И правда, что ж оставалось власти? Либо тут же уйти (а пожалуй, уже так было запущено и допущено, что хоть и уйти), либо всё-таки эти съезды запретить?
А ещё собрался в декабре и съезд промышленных деятелей, и тоже обсуждать продовольственный вопрос. И на хвосте тех программных пылающих резолюций нашлось два слова для начинаний Риттиха:
новые меры правительства только довершают расстройство.
Ибо это правительство никогда не найдёт выхода ни в чём.

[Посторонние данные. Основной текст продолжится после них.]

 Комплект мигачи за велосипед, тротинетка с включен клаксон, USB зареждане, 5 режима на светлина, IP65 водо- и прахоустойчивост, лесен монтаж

А скромный, малоизвестный Риттих возмерился и взялся вникнуть в подробности и выход найти. С первых же дней вступления в должность он установил: что хлеба заготовлена одна двенадцатая того, что нужно: сто миллионов пудов вместо миллиарда двухсот; что все партии и вся печать уже отговорили, что хотели, о твёрдых ценах, и забыли о них, – но твёрдые цены нависли над хлебным рынком, заперли его, и торговый аппарат безсилен извлечь хлеб из амбаров; позднеосенний съезд сельских хозяев, где было много председателей земств, кооперативов и крестьян, настаивал на повышении хлебных цен – так, чтобы эти цены оплатили стоимость производства, труда и ещё провоз от амбара до станции, который по ценам деятелей Прогрессивного блока предполагался нетрудоёмким и даже несуществующим, оплачивался, так и быть, за 20 вёрст доставки, хотя везли и 90, да по бездорожью.
Но повышать цены этою зимой было уже упущено: деревня только ждала бы ещё более высоких. Гужевой же транспорт от амбара до станции Риттих сразу, с 1 декабря, взял на себя смелость оплатить («франко-амбар», то есть цена считается у амбара, а доставка сверх), – за что был тогда же гневно разруган в Государственной Думе: «Вы ломаете твёрдые цены!» Эта мера Риттиха заметно увеличила приток хлеба, но не настолько, чтобы, с прочным запасом, накормить русскую армию и русский тыл до осени 1917. Твёрдые цены оставались ниже рыночных, и когда по установившейся зимней дороге зерно высовывалось из деревни в город, оно тут же поворачивало назад в деревню и исчезало там. Частная торговля разыскивала там его, но – по высоким ценам. И призрак хлебной повинности или хлебной развёрстки заколыхался перед свежим министром земледелия. И у него достало решительности сделать этот шаг, уже не им одним прозреваемый в русском воздухе.